*What is expected*
Starting at the line with "Luxury Condo Just", return every line through the final one of the data, word for word. Pictures stay out.

━━ Input data

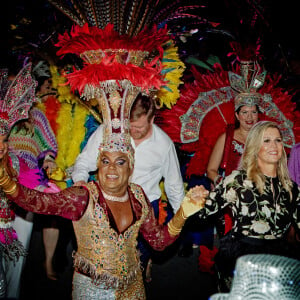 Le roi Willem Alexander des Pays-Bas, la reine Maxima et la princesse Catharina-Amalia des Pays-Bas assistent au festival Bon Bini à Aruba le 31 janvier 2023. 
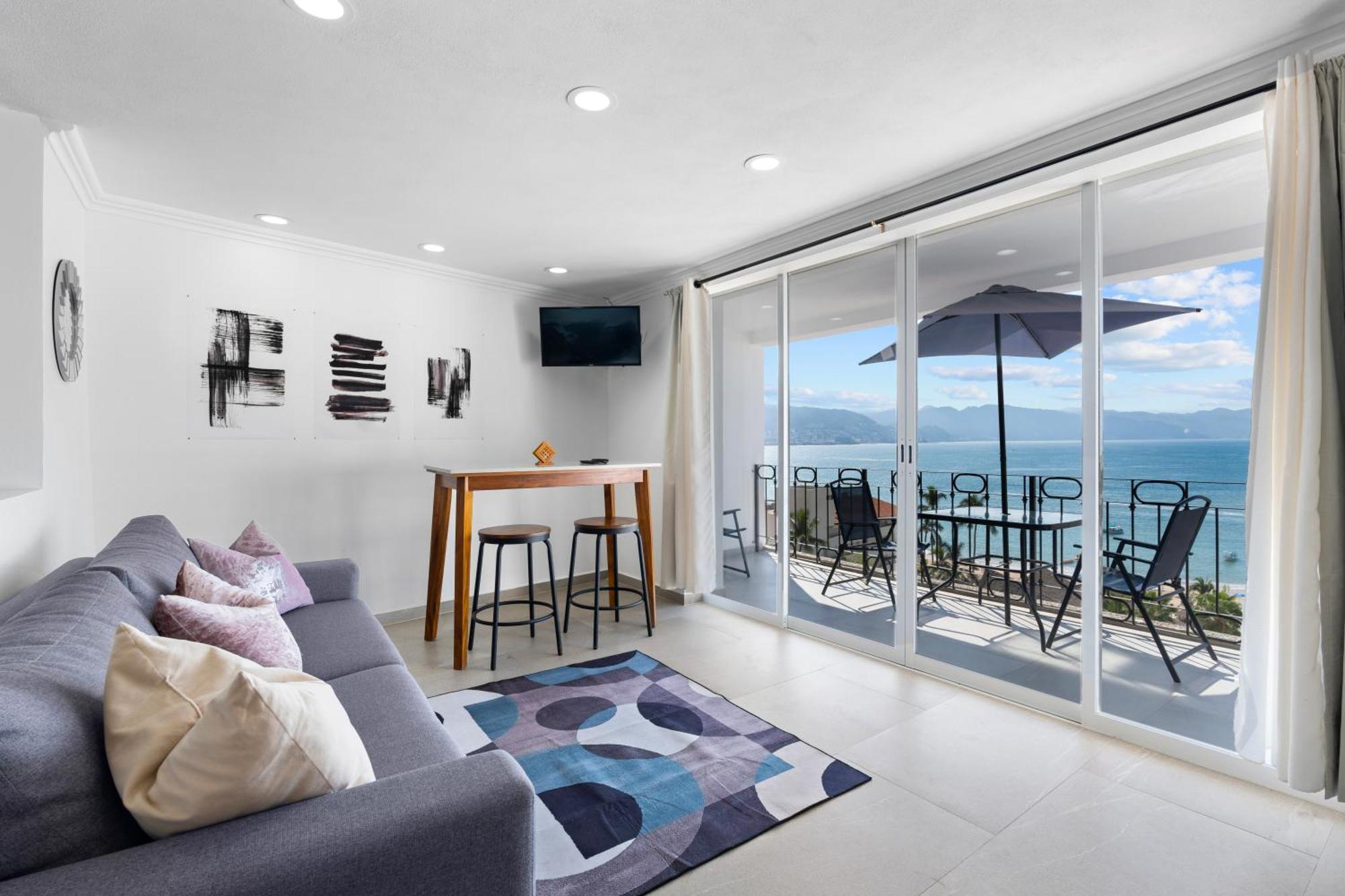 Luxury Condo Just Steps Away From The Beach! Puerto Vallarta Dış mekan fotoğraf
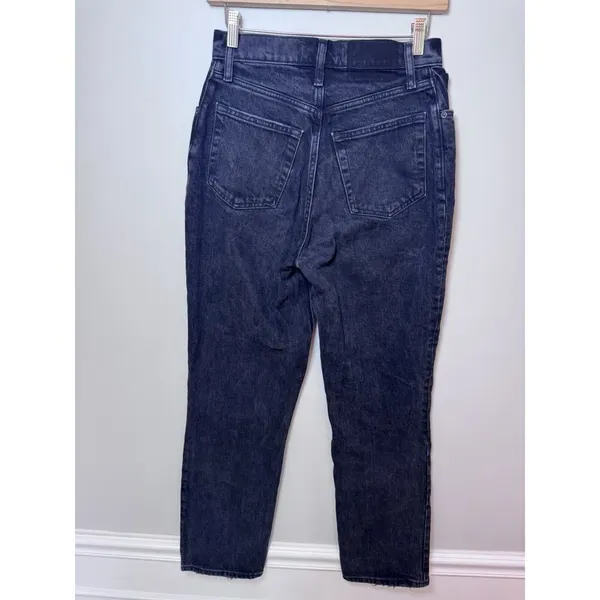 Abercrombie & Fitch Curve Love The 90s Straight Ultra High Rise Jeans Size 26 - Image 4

━━━━

*Your response*
 Luxury Condo Just Steps Away From The Beach! Puerto Vallarta Dış mekan fotoğraf
 Abercrombie & Fitch Curve Love The 90s Straight Ultra High Rise Jeans Size 26 - Image 4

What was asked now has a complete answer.